Islamic State group leader Abu Ibrahim al-Hashimi al-Qurayshi died Feb. 2 during a U.S. counterterrorism raid in northwest Syria, President Joe Biden announced, removing a “major terrorist threat to the world.”
The raid was conducted by U.S. Special Operations forces under the control of U.S. Central Command, Pentagon Press Secretary John F. Kirby said in a statement, with no American casualties. Kirby declined to provide any more information about the personnel who carried out the raid.
The mission had been in planning for months, and troops were on the ground for roughly two hours, Kirby told reporters in a press briefing. Upon landing near the building in Atmeh, Syria, U.S. forces used a bullhorn to “make several call-outs beseeching everybody in that building to leave” peacefully, Kirby said.
Shortly after the call-outs began, six individuals on the first floor were evacuated, but an explosion rocked the third floor of the building. Officials said the detonation was caused by al-Qurayshi, and that in addition to killing himself, it killed at least three other people on the floor.
“In a final act of desperate cowardice, with no regard to the lives of his own family or others in the building, he chose to blow himself up—not just the vest, but to blow up that third floor—rather than face justice for the crimes he has committed, taking several members of his family with him,” Biden said in brief remarks from the White House.
U.S. Central Command leader Gen.
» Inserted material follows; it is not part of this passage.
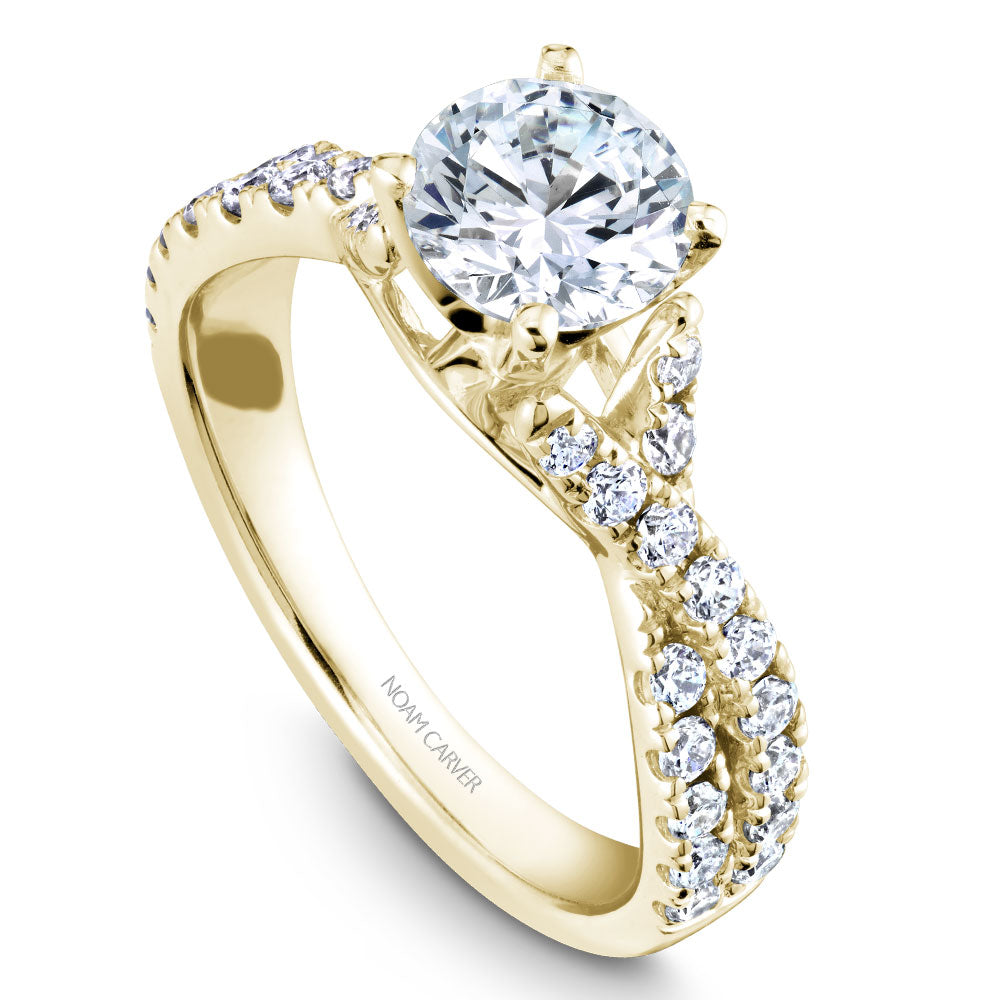 Noam Carver Engagement Ring Yellow 14k Gold With 32 RD TCW 0.55ct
Kenneth F. McKenzie Jr., in a virtual seminar hosted by the Middle East Institute, said the explosion was “more massive than would be expected from a suicide vest,” and that it actually ejected several bodies, including al-Qurayshi’s, onto the ground below.
On the second floor, below al-Qurayshi, one of his deputies and the deputy’s wife engaged the U.S. troops, “firing back on our forces,” Kirby stated. During the subsequent firefight, the lieutenant, the wife, and another child were killed.
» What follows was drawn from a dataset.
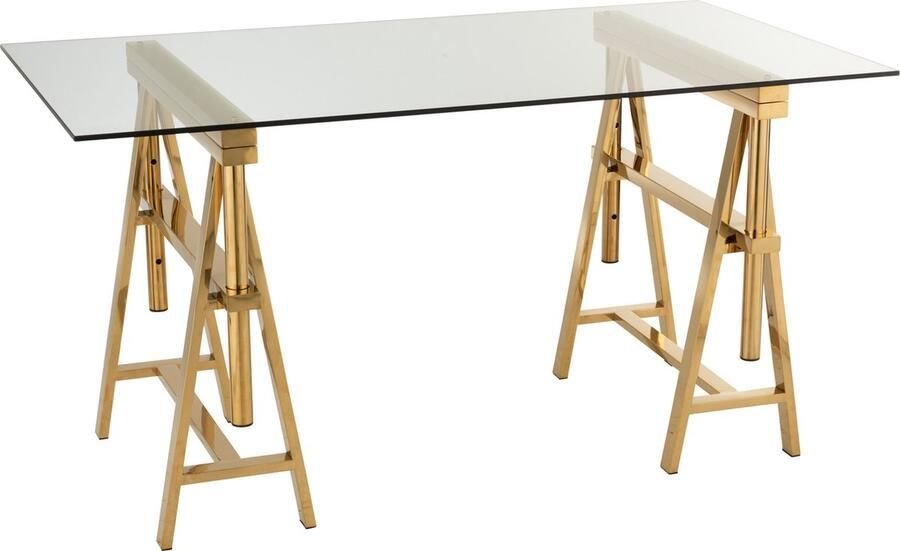 J-Line Bureau Verstelbaar Roestvrij Staal Glas Goud Transparant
Al-Qurayshi’s body was identified using fingerprints and DNA analysis, Kirby said.
Before the U.S. troops left the area, though, a group approached the building. McKenzie said they were “assessed to be linked to the local al-Qaeda affiliate” and armed. Two members of the group were killed “by a gun engagement from a helicopter in defense of U.S. forces,” McKenzie added.
As American forces left, one of their helicopters suffered what Kirby called a “drive train issue.” The helicopter landed safely, but it was abandoned and subsequently detonated and “struck by air launch munitions to ensure that no sensitive equipment would remain in Syria,” McKenzie said.
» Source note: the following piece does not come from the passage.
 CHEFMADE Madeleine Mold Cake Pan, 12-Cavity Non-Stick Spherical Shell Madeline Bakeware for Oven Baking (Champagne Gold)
The Pentagon’s estimates that at least nine people were killed during the raid. The Associated Press cited first responders in reporting that 13 people had been killed, including six children and four women.
However, 10 civilians, including eight children, were spared during the raid, officials said—six from the first floor and four more identified on the second floor.
The choice to conduct a raid instead of an airstrike was made, Biden said, to try to limit civilian casualties. The DOD has been under fire after a series of New York Times reports revealed thousands of civilian deaths in the Middle East caused by American airstrikes with little to no accountability. Defense Secretary Lloyd J. Austin III has ordered department leaders to draft an action plan to prevent and respond to civilian casualties.
“Knowing that this terrorist had chosen to surround himself with families, including children, we made a choice to pursue a Special Forces raid at a much greater risk to our own people, rather than targeting him with an airstrike,” Biden said.
With al-Qurayshi dead, ISIS is now leaderless, “but their twisted ideology and their intent to kill, maim, and terrorize still threaten our national security and the lives of countless innocents,” Austin said in a statement.
The Islamic State was driven underground in 2019 with the loss of virtually all of its former territory. Since then, however, the group has continued to conduct terrorist attacks, including a suicide bombing this past August in Kabul that killed 13 American service members and dozens of civilians during the U.S.’s withdrawal from Afghanistan.
Kirby declined to say whether al-Qurayshi had any involvement in that particular bombing, but he did say that al-Qurayshi was a “hands-on” leader who maintained “situational awareness” of a recent attack on a Syrian prison housing thousands of ISIS fighters that resulted in hundreds of deaths. He was also “directly involved” in the 2014 atrocities of the Yazidi minority in Iraq during which thousands were killed and raped in a campaign the United Nations labeled a genocide.
“This is a man that we should all be happy is no longer walking on the face of the Earth,” Kirby said.
McKenzie echoed that assessment, saying al-Qurayshi was more of a planner and operator than his predecessor, the infamous Abu Bakr al-Baghdadi.
“I think it’s going to be a significant blow to them. And look, I don’t want to oversell it, because local variants of ISIS … are going to continue to flourish,” McKenzie said. “… But I do think it makes it harder for them to come up with an integrated global approach.”